* Exercise instructions
Only the lines below from the one that holds "a dining room with furniture and window" through the one that holds "Chicken pastina soup" should appear in the answer, copied exactly, end lines included and pictures omitted.
(Record set Opens)
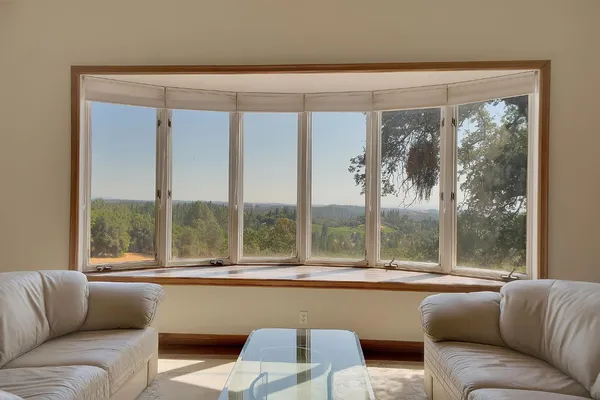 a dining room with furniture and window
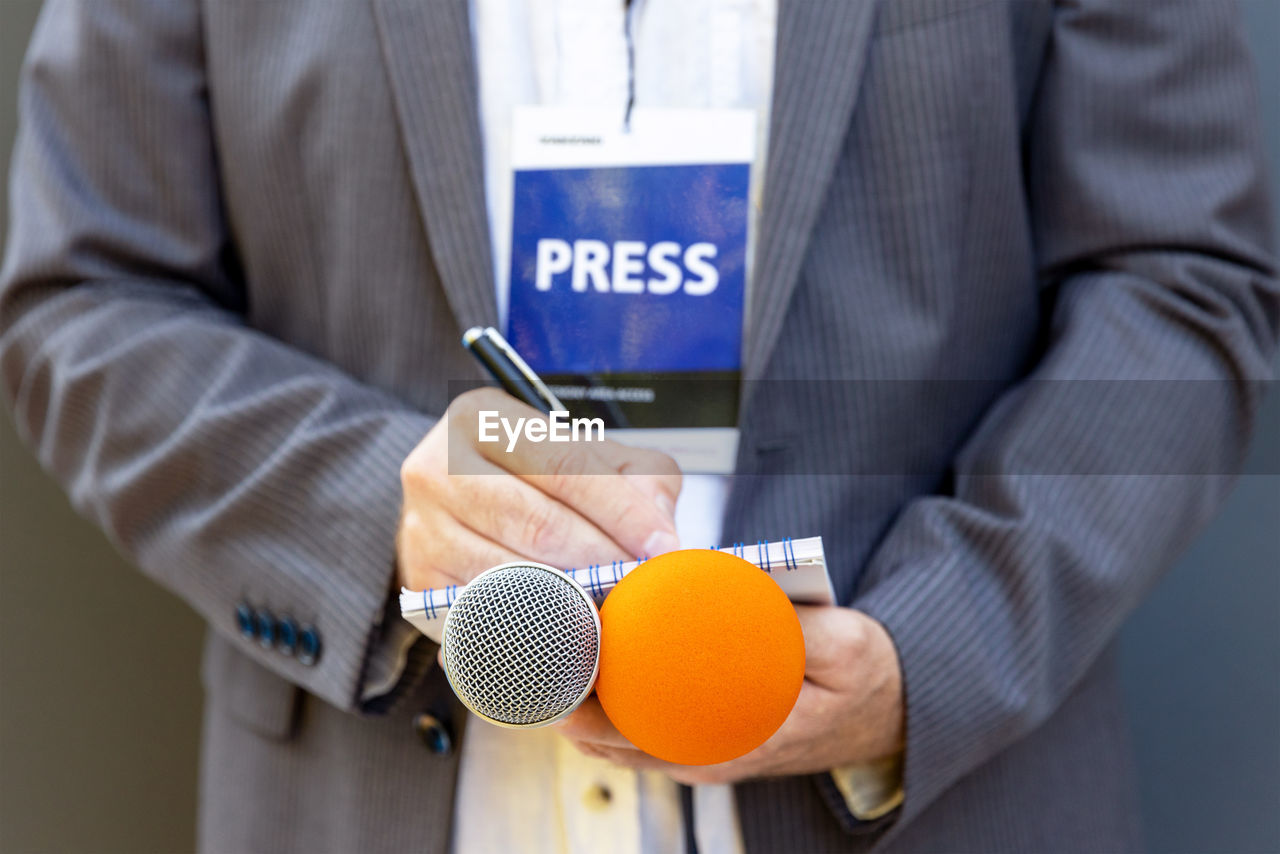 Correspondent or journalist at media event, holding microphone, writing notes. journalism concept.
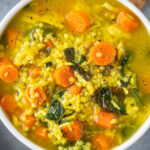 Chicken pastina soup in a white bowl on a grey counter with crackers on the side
(Record set Closes)
(Record set Opens)
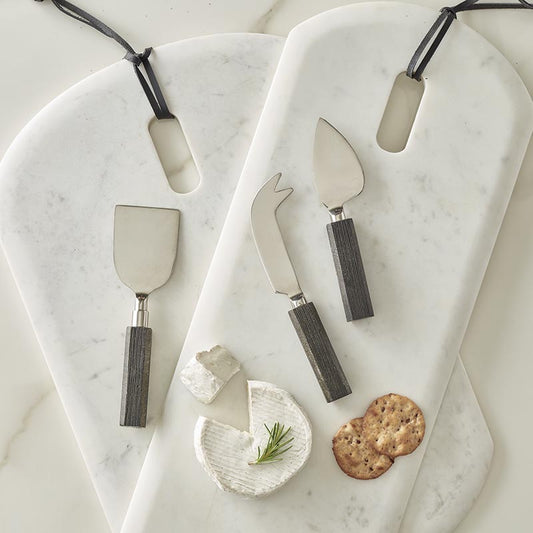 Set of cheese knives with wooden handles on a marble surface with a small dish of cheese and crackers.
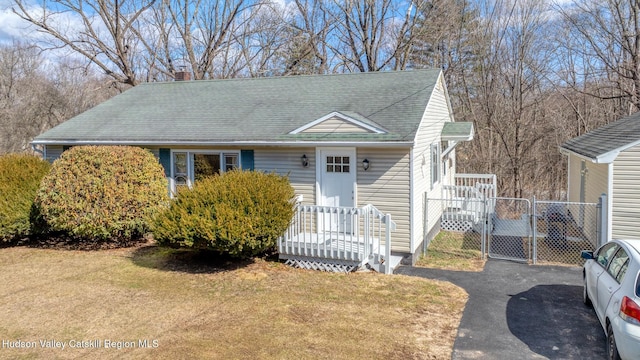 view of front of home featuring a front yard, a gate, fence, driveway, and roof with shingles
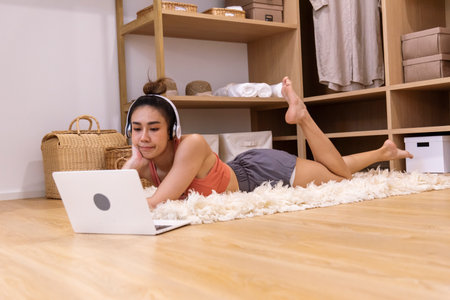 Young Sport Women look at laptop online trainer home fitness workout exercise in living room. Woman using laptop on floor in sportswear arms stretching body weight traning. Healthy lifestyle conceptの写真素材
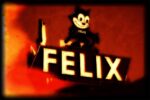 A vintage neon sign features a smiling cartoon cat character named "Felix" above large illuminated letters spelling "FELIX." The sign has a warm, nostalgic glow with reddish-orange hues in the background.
(Record set Closes)
(Record set Opens)
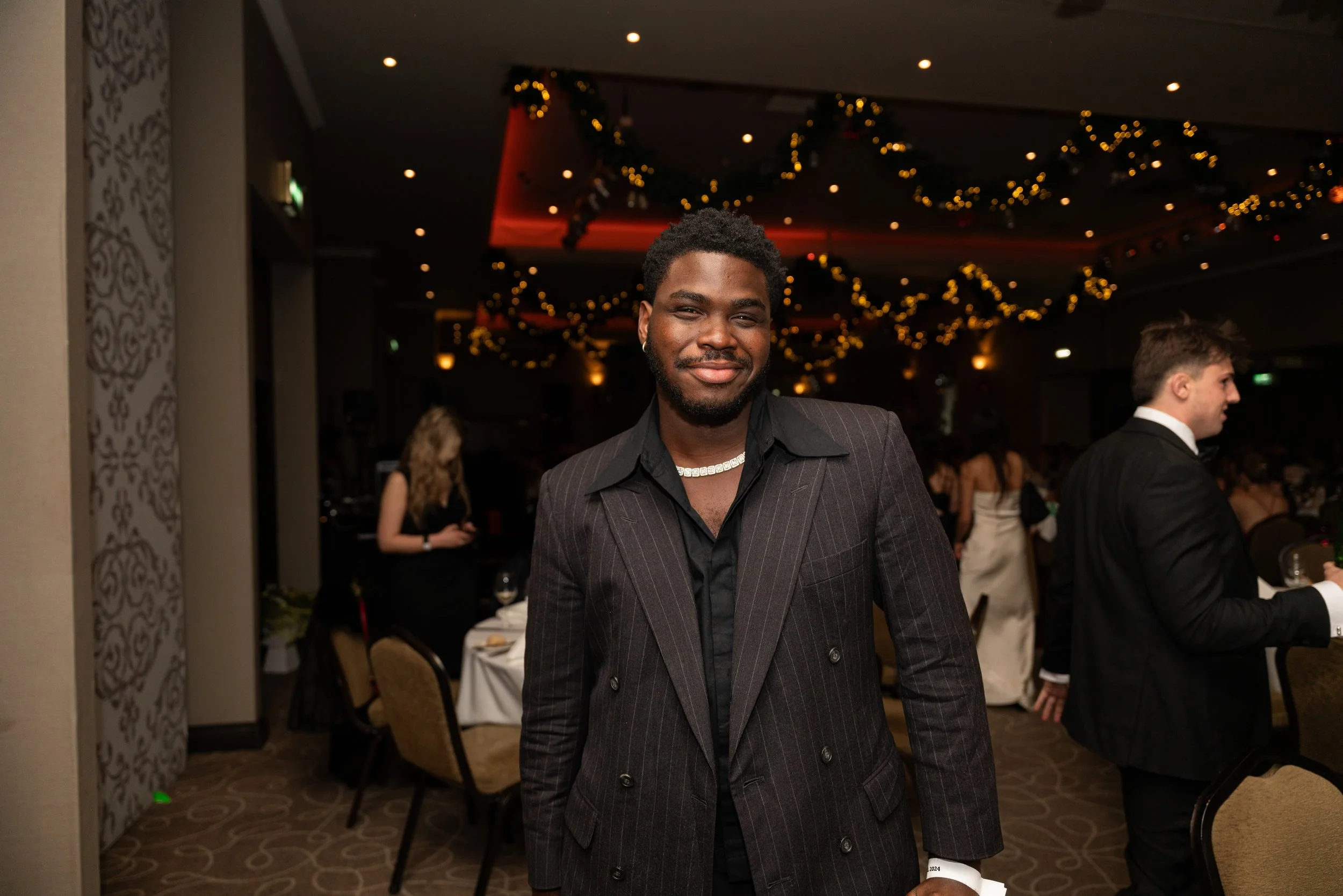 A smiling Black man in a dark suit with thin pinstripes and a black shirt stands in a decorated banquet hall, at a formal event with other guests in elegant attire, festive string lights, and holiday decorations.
(Record set Closes)
* Task solution
 a dining room with furniture and window
 Correspondent or journalist at media event, holding microphone, writing notes. journalism concept.
 Chicken pastina soup in a white bowl on a grey counter with crackers on the side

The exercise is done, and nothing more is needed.